Bazen de gözün daha fazlasında olmuyor. Hep aynı işi yapmak değil, aynı olamayacağın fikri korkutuyor. Bir standart, rutin arıyorsun. Bi' bakıyorsun herkes sanki yolunu bulmuş, iyi kötü bir düzenleri var.

İsmail, ben hep kapıda kalmış gibi mi hissedeceğim?

‘‘E akşama gelirsin artık.’’ deyip işe kaçıyor İsmail. Arkasından bıraktığı boşluğa ‘‘Al işte,’’ diyorum, ‘‘herkes yolunu buluyor”.

Der demez kapı çalıyor. Elinde poşetlerle, içeri alayım diye bakıyorsun gözümün içine. Senin için eli kolu dolu gelmek, af dilemek demek. İsmail bir bokunu unutup geri dönseydi de seni tekrar görmeseydim, fikri yerleşiyor içime o an. Hatırladığım gibi değilsin. Yerime koymaya çalıştığın her şeyi okuyorum suratından, artık başka biri olamamanı da öyle. Hatırladığım gibi değilsin ama başkası da olamamışsın, yaşanmışlık mı diyorlardı buna? Sadece haklılığını şimdilik askıya almışsın, hayatın seni savurduğu yerleri dinlememi ve geçen yılların açığını kapatalım istiyorsun. Nasıl, tanımışım seni değil mi? Hâlâ istediğin ve zannettiğin kadar uzaklaşamamışsın benden?

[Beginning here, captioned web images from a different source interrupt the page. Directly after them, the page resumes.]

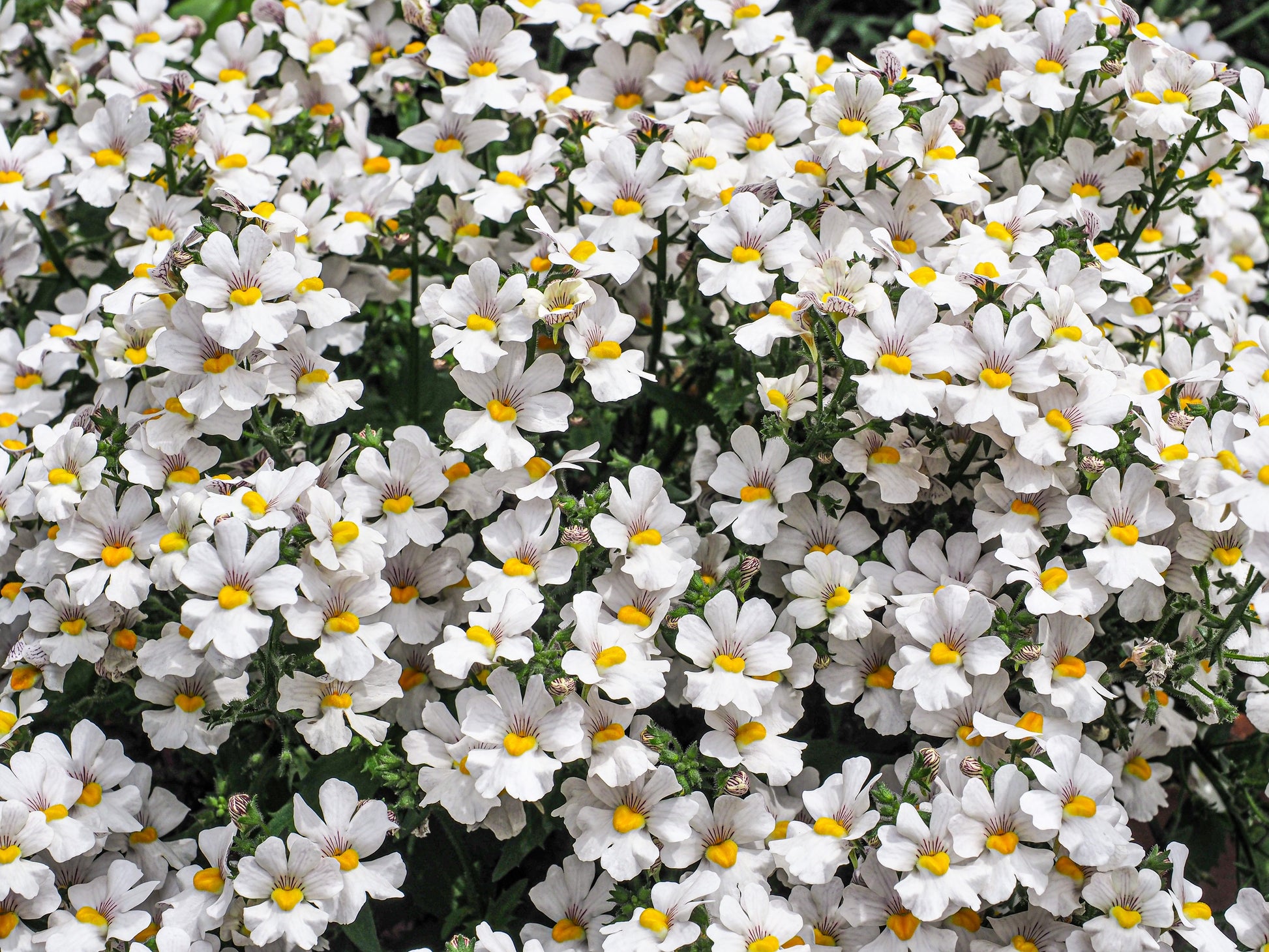white flower seed 50 WHITE KNIGHT NEMESIA Strumosa Flower Seeds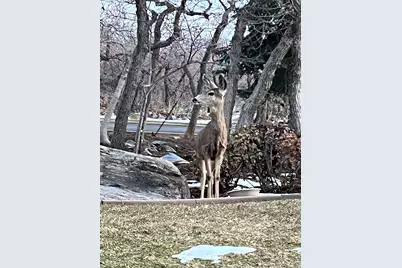 5210 Skyline Pkwy, Ogden, UT 84403 - Photo 49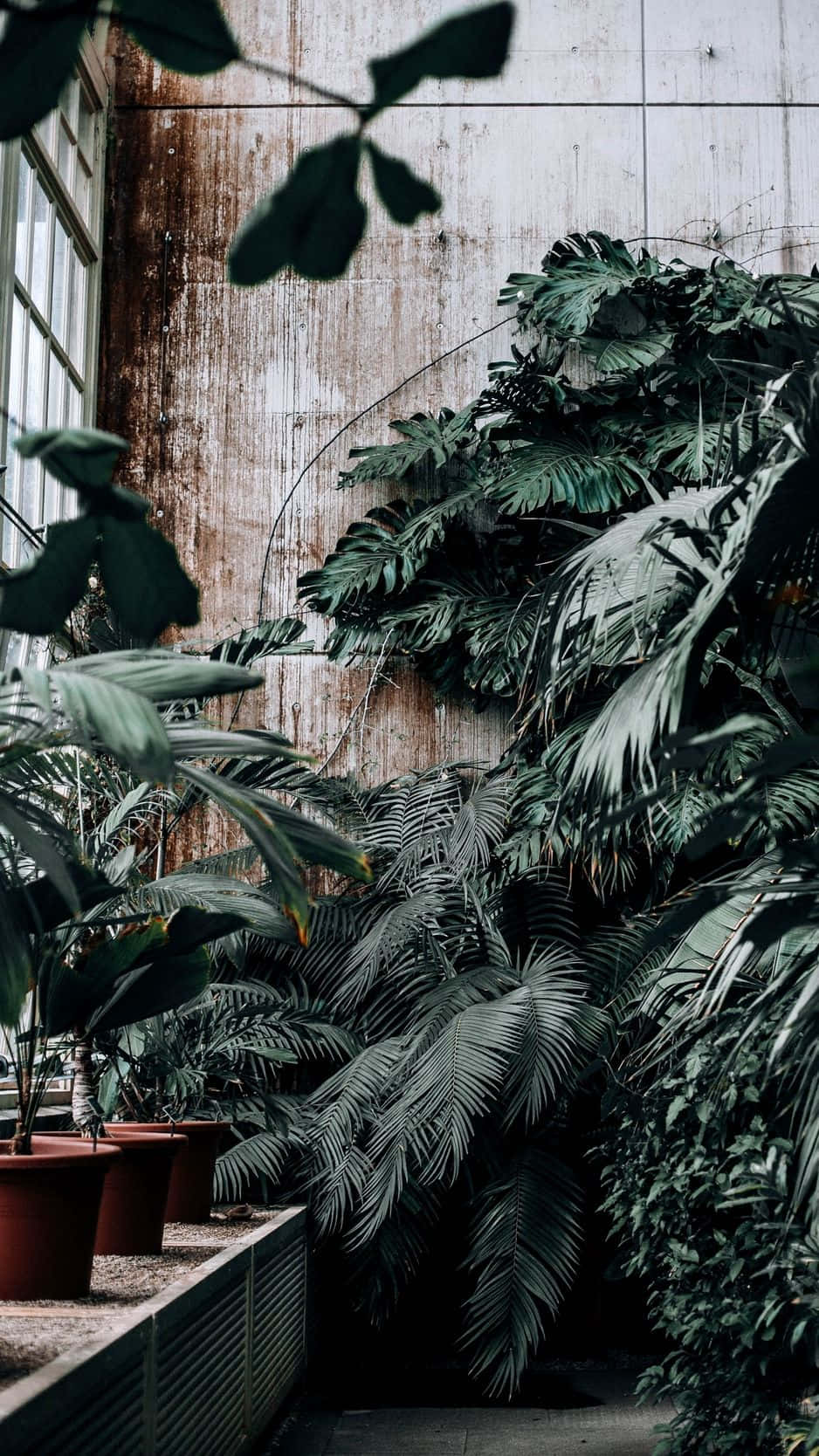 盆栽熱帶植物在室內緊密生長在帶紋理的混凝土牆壁上。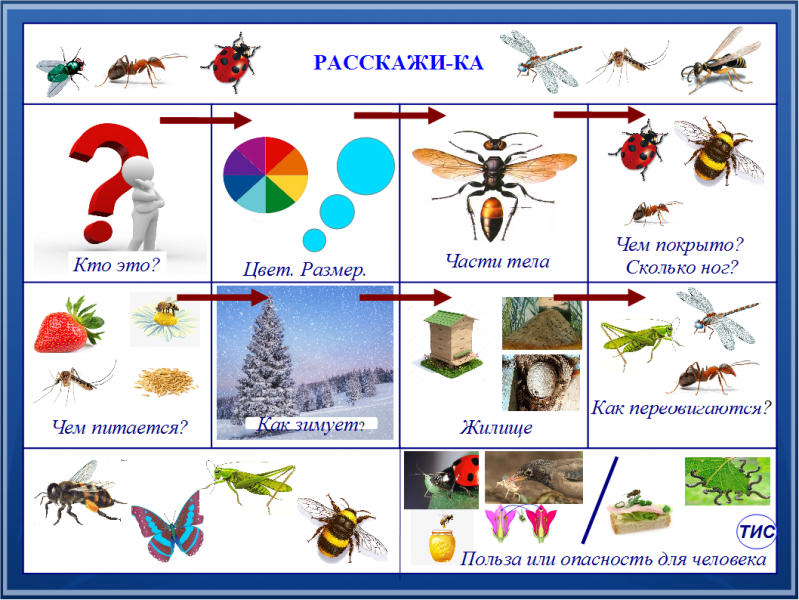 Схема описания насекомых для дошкольников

Bir market alışverişiyle her şey eskisi gibi olacak umudun çok çocukça geliyor. Senin adına seviniyorum, içinde ölmeyen bir tarafın kalmış demek ki, diye. Sana baktıkça İsmail’e ve içimdeki oyuntuya alıştığımı fark ediyorum.

Kapıyı suratına kapattığım için bir müddet bana sinirlenecek, sinirin geçince hak verecek ve bir süre kendine çıkar bir yol bulup kafanı dağıttıktan sonra yine haklı hissedeceksin. Nasıl, tanımışım seni değil mi? Tanıdım ya.

Hava almaya çıkıp iki tur daha aynı caddeden geçtikten sonra İsmail’i almaya gidiyorum. Hiçbir şey anlatmıyorum, o da hiçbir şey anlatmaz. Beraber sahile doğru yürüyoruz, boşluğu görmenin en iyi yanı bu sanırım, artık diyalogla vakit kaybetmiyorsun.

Deniz havası, birkaç sosyolojik tespit ve sonrasında dondurma yemekte karar kılıp bir büfeye ilerliyoruz. Yaz geliyor, aynı şeyleri yapıyor olmanın huzuru ilişiyor içime. Ilık rüzgârların her zaman iyi ve ait hissettiren bir tarafı var. O kadar güzel ki.